Quote of note:
Matching investors with doctors can raise particularly troubling questions. Physicians frequently serve as clinical researchers for the pharmaceutical and biotechnology industries, testing new drugs. Inside knowledge about those tests, before it is publicly available, could be worth millions. The Securities and Exchange Commission has now begun looking at whether doctors, participating in clinical trials, are accepting money to talk to analysts and investors about the confidential results. Such a breach, under some circumstances, could be construed as a violation of insider trading law.
Doctors' Links With Investors Raise Concerns
By STEPHANIE SAUL and JENNY ANDERSON
At first, the calls seemed innocuous. Investment companies were offering Dr. Ronald B. Natale $200 or $300 for 15 minutes, asking that he discuss general trends in lung cancer, sometimes over the telephone.
But Dr. Natale became suspicious as the money offers kept growing, just before he was to present the case for Iressa, a new lung cancer drug, to a Food and Drug Administration advisory panel in September 2002. Dr. Natale's access to research data on Iressa made him an attractive source for investment researchers seeking inside information.
"Wow, they were offering $1,000, $1,500, for 30 minutes of my time," said Dr. Natale, a prominent researcher at Cedars-Sinai Comprehensive Cancer Center in Los Angeles. He said he routinely turned down offers to speak to investors.
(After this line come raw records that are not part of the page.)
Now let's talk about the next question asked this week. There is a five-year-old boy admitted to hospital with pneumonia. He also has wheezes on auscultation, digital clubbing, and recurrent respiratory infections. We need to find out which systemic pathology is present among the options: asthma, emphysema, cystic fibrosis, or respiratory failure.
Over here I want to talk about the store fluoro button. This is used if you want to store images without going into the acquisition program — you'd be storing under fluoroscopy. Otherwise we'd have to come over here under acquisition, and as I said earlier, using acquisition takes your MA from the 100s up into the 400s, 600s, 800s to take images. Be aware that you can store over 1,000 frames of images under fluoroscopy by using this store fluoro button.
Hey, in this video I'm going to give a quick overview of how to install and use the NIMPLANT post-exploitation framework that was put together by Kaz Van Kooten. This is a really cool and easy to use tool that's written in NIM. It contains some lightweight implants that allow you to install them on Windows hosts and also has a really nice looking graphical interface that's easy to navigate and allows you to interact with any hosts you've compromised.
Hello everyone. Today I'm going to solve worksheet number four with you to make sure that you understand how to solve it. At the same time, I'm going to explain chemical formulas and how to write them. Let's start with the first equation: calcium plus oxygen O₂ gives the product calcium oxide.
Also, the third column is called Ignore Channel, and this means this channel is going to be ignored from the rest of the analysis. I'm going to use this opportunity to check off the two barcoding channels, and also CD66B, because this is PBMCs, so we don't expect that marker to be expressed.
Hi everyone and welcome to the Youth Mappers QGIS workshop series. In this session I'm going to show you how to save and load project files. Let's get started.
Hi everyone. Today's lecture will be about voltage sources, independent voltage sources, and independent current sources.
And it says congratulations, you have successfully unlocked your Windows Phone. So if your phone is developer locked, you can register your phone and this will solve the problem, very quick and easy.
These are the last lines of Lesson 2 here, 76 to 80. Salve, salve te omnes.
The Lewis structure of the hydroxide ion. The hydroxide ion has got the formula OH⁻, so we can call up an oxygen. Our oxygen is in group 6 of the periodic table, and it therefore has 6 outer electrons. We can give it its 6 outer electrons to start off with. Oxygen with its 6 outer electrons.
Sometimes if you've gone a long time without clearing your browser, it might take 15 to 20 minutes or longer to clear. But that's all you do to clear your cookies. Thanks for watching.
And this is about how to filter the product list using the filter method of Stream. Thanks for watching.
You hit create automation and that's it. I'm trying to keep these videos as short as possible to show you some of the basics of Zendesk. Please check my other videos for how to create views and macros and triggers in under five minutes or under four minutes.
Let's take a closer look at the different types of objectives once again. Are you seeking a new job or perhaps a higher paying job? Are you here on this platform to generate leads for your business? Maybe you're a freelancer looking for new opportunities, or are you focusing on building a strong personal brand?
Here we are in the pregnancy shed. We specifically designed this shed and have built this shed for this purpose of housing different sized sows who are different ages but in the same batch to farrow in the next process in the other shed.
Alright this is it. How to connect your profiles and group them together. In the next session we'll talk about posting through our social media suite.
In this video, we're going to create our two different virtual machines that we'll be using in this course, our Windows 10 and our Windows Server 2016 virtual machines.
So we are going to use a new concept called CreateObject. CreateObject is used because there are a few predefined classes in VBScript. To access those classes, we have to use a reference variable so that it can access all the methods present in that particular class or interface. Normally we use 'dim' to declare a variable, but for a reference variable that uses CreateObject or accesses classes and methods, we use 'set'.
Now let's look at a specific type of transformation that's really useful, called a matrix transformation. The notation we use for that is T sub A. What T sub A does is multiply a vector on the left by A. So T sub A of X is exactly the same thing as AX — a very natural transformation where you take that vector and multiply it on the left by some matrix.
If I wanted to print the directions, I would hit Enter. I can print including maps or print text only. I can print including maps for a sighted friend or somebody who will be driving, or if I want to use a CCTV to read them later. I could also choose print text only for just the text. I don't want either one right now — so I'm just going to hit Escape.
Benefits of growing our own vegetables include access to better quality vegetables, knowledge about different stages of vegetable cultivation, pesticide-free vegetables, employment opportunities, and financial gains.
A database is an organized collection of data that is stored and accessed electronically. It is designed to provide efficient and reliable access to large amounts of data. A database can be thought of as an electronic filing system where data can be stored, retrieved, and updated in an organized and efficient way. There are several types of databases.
While Dr. Natale has qualms, other doctors apparently do not. Nearly 10 percent of the nation's 700,000 doctors have signed up as consultants with a new segment of the investment industry - companies that act as the Match.com of the investment world, according to an article in The Journal of the American Medical Association. For a fee, they arrange conversations between investors and leading professionals, experts or even employees of major companies.